Appeals Judges Only Rely on Ideology When Reviewing Judges They Don’t Know Well

When the media reports on federal judges, it often refers to the presidents who appointed them.  This tendency reflects that many people think that ideology influences judges’ decisions.  A wealth of research supports this sentiment.  We believe something is missing in this account: the importance of interpersonal relationships among judges in determining the influence of ideology. Faced with enormous caseloads, we expect that appellate judges vary in the deference they give to trial judges based on their knowledge of those colleagues. In the absence of such knowledge, appellate judges are likely to rely on ideological cues.

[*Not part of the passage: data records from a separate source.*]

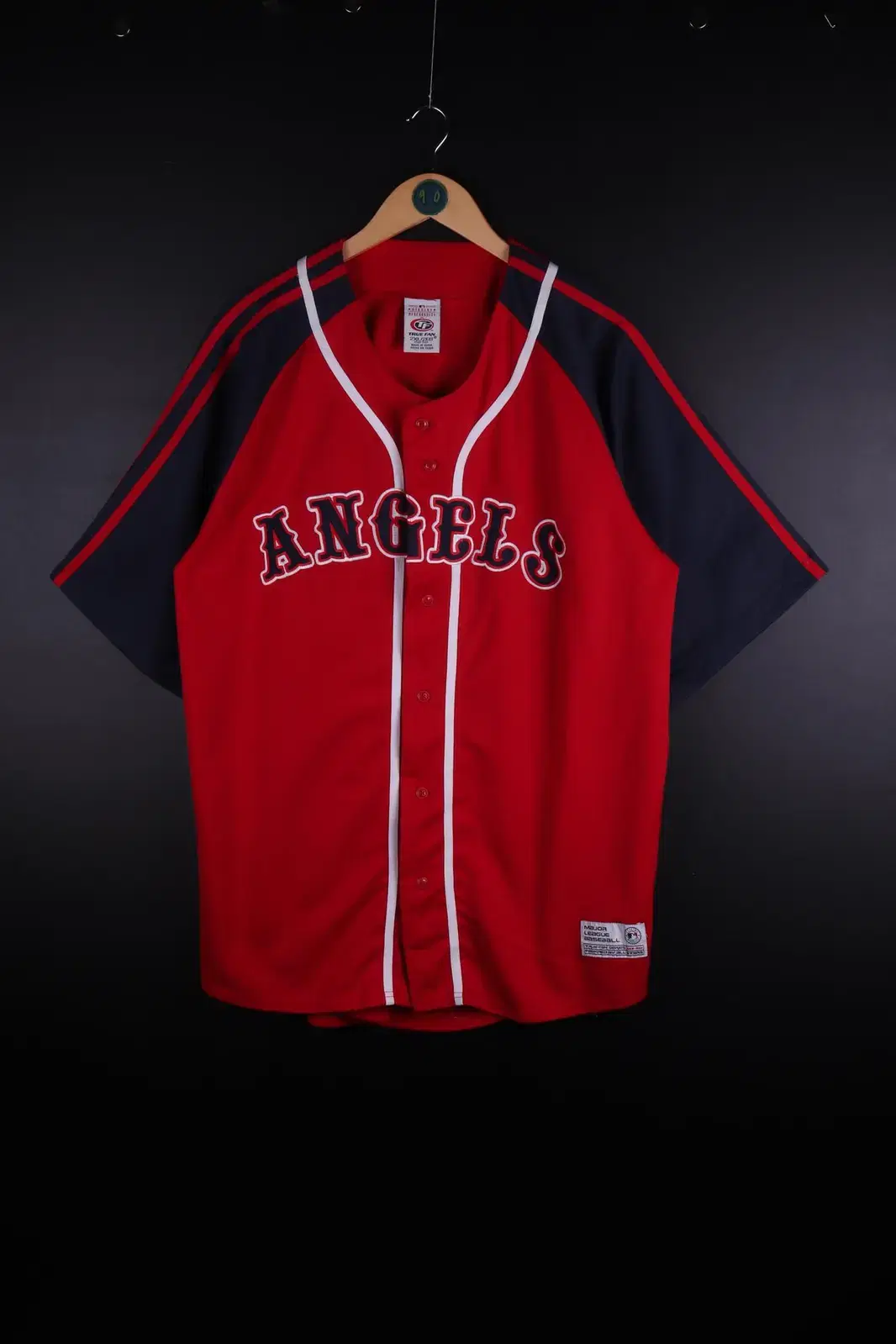 [2XL] 트루팬 LA엔젤스 MLB유니폼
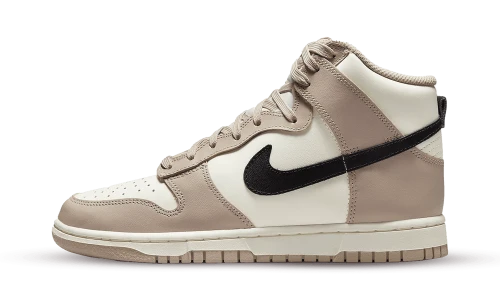 Nike Dunk High Fossil Stone (Women's)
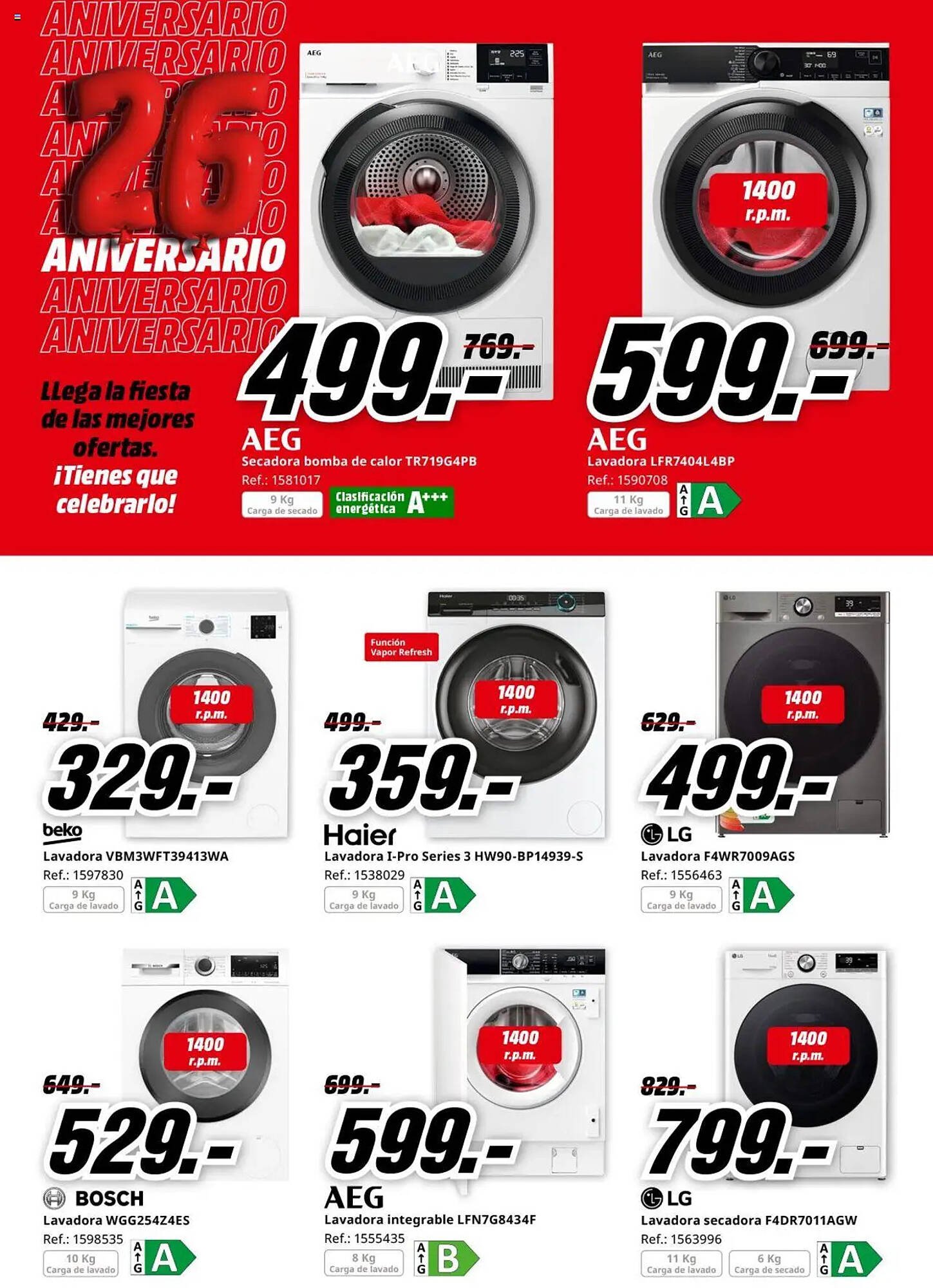 Folleto MediaMarkt (2025-07-01 - 2025-07-06)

In our article, “How Interpersonal Contact Affects Appellate Review,” we explore the role of interpersonal relationships, facilitated by contact, on judicial decision-making. Judges generally want to exercise oversight efficiently, especially when they have insufficient resources.  When a lower court decision is likely to be correct, there is no reason to expend considerable effort reviewing it.  Instead, busy appellate judges rely on cues to determine which cases need scrutiny.  When reviewing an appeal, judges can discern whether the lower court ruling is liberal or conservative.

Appellate judges generally prefer to uphold lower court decisions that align with their policy preferences and reverse those that do not. In the absence of other information, the appellate court judge’s ideological alignment with the lower court decision plays a primary role in decision-making. But, lower court judges’ decisions do not necessarily reflect their ideology.  For example, they can be motivated to follow existing law by professional socialization, efficiency concerns, or reputation-building.  When an appellate judge knows about the trial judge’s skills and biases regarding these other issues, that information may affect the reversal decision. 

Geography can help federal appellate judges obtain a higher level of information about some trial court judges. Court of appeals judges review decisions made by district judges in their circuit.  Although these appellate judges travel to work with their colleagues, they spend most of their time in home chambers dispersed throughout the circuit.  Those chambers are often in courthouses that also office district judges. In 2010, for example, there were an average of five district judges working in courthouses with at least one circuit judge. Judges are more likely to have contact and overlapping social networks when their chambers are in the same city. This geographic proximity allows appellate judges to acquire higher levels of information about the district judges.

When two judges do not know each other well, the appellate judge has less information about the lower court decision’s quality because her ability to develop an independent assessment of the trial judge’s characteristics has been substantially limited.  Under these circumstances, the ideological direction of the ruling below plays a comparatively larger role in the decision to reverse.  Thus, appellate judges who don’t know the trial judge very well will be less likely to reverse a lower court decision as their ideological alignment with the decision increases.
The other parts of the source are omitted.